ETFs offer some massive advantages over mutual funds. I wonder why anyone would want to invest in a mutual fund ever again.
Here are some stats:
As of June 30, there are 2,280 ETFs listed in the U.S.
ETFs represent $5.64 trillion globally.
The average daily value of U.S. ETF transactions alone is $87.9 billion.
52% of U.S. investors intended to invest in ETFs. 9 in 10 financial advisors also expected to invest in ETFs for client portfolios.
Here are the 7 advantages that make ETFs a no-brainer:
1. ETFs have no investment minimums, front-end loads or early redemption fees.

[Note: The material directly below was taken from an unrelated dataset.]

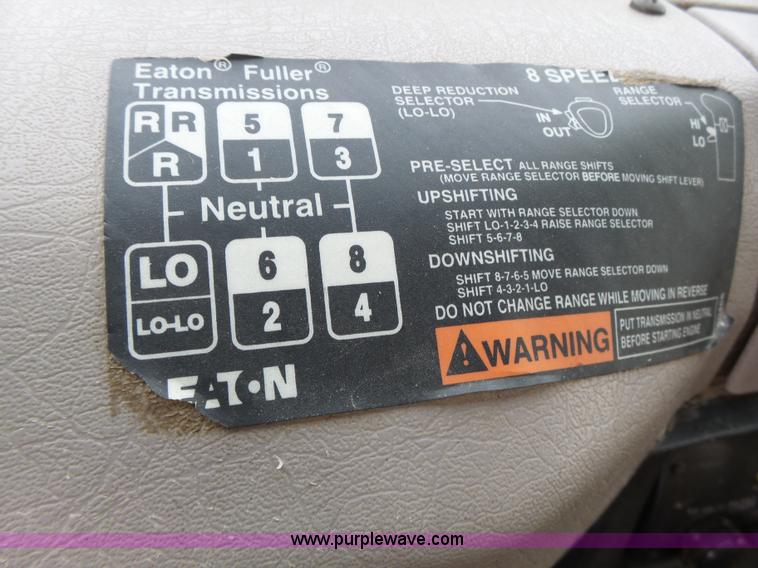 image for item K5703 1998 International 4900 crane truck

2. ETFs offer real-time tracking, while Mutual funds price only once each trading day.
3. ETFs offer real-time trading while Mutual funds are bought and sold only after the market closes.
4. ETFs are transparent while Mutual funds disclose their holdings once per quarter.

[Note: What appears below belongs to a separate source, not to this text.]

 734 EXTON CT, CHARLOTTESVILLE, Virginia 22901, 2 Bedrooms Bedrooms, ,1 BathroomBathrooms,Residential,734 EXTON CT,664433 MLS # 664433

5. ETFs are more tax-efficient.
6. ETFs are much, much cheaper than Mutual funds.
7. ETF are much more diverse and remarkable more creative than Mutual funds.
There are ETFs for every asset class, theme. Whatever the asset class, investment theme, direction of the market, there’s always an ETF in which you can invest. With ETFs you can build a portfolio to fit your specific objectives. You just have to use them to your best benefit.